■ Exercise materials
*** Begin section ***
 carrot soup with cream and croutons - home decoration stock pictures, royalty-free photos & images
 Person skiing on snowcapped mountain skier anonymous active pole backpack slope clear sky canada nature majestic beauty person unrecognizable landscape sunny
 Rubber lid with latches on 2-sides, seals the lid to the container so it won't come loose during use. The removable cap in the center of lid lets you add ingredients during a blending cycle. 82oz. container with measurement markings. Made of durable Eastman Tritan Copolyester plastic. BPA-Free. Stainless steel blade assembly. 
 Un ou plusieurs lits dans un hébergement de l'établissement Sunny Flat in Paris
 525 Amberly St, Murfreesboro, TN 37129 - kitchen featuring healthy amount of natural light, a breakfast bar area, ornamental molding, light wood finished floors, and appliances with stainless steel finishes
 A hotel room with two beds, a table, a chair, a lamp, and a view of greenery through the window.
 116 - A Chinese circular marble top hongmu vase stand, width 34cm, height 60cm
*** End section ***
*** Begin section ***
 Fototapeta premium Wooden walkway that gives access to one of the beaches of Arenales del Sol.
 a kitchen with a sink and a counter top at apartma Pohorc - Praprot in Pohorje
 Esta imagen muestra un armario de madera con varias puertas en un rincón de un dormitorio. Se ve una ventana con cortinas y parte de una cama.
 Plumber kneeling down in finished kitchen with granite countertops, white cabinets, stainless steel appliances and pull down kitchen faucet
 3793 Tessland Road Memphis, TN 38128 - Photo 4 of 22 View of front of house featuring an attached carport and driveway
*** End section ***
■ What to do
Copy out, from the data above, every line holding the word "finished".

■ Answer below
 525 Amberly St, Murfreesboro, TN 37129 - kitchen featuring healthy amount of natural light, a breakfast bar area, ornamental molding, light wood finished floors, and appliances with stainless steel finishes
 Plumber kneeling down in finished kitchen with granite countertops, white cabinets, stainless steel appliances and pull down kitchen faucet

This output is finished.